Problem requirements:
Which lines run from the one containing "8 Inch/12 Inch" to the end of the entries? Quote them exactly, and nothing else.

(Excerpts from a dataset)
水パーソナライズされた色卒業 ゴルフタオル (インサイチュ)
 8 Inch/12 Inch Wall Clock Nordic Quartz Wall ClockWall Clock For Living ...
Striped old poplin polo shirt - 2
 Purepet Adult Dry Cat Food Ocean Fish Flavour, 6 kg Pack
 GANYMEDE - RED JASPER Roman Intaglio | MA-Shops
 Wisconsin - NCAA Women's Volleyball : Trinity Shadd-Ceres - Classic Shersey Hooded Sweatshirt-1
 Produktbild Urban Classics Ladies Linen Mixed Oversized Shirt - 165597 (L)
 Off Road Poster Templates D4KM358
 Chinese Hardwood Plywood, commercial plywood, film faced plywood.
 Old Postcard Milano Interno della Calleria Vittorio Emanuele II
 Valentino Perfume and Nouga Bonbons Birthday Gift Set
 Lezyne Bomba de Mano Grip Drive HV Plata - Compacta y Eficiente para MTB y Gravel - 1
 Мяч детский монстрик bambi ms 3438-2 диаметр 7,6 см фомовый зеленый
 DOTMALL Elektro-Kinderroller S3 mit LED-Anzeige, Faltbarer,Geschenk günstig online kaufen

Solution below:
 8 Inch/12 Inch Wall Clock Nordic Quartz Wall ClockWall Clock For Living ...
Striped old poplin polo shirt - 2
 Purepet Adult Dry Cat Food Ocean Fish Flavour, 6 kg Pack
 GANYMEDE - RED JASPER Roman Intaglio | MA-Shops
 Wisconsin - NCAA Women's Volleyball : Trinity Shadd-Ceres - Classic Shersey Hooded Sweatshirt-1
 Produktbild Urban Classics Ladies Linen Mixed Oversized Shirt - 165597 (L)
 Off Road Poster Templates D4KM358
 Chinese Hardwood Plywood, commercial plywood, film faced plywood.
 Old Postcard Milano Interno della Calleria Vittorio Emanuele II
 Valentino Perfume and Nouga Bonbons Birthday Gift Set
 Lezyne Bomba de Mano Grip Drive HV Plata - Compacta y Eficiente para MTB y Gravel - 1
 Мяч детский монстрик bambi ms 3438-2 диаметр 7,6 см фомовый зеленый
 DOTMALL Elektro-Kinderroller S3 mit LED-Anzeige, Faltbarer,Geschenk günstig online kaufen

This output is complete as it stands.